Problem. Copy out exactly the lines spanning the line with "A mountain village" to the line with "Thiết kế sang", inclusive, from the data underneath, with no pictures.

Provided data.
###
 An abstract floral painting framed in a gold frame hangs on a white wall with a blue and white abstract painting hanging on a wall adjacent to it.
###
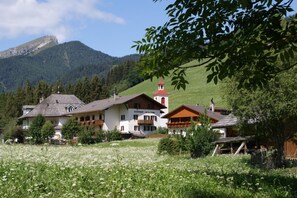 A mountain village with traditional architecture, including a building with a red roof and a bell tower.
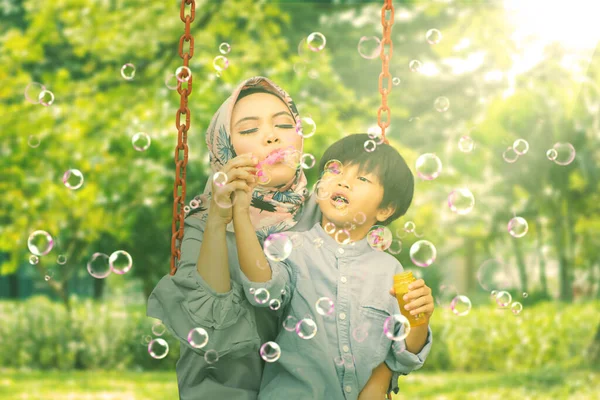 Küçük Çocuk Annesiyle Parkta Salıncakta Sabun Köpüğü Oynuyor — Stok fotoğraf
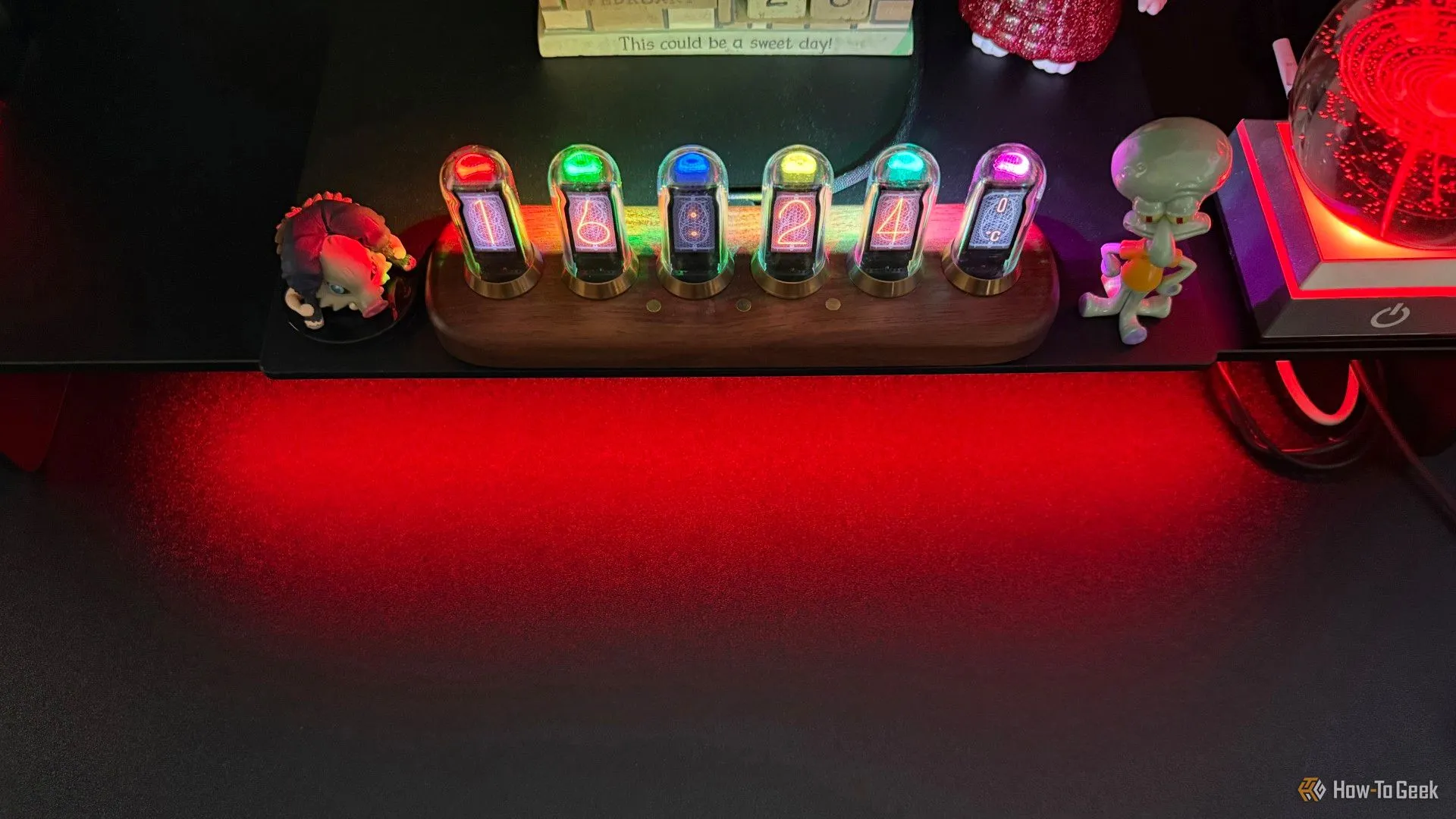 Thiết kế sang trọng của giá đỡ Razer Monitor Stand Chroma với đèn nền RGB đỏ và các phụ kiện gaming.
###
Response to this exercise.
 A mountain village with traditional architecture, including a building with a red roof and a bell tower.
 Küçük Çocuk Annesiyle Parkta Salıncakta Sabun Köpüğü Oynuyor — Stok fotoğraf
 Thiết kế sang trọng của giá đỡ Razer Monitor Stand Chroma với đèn nền RGB đỏ và các phụ kiện gaming.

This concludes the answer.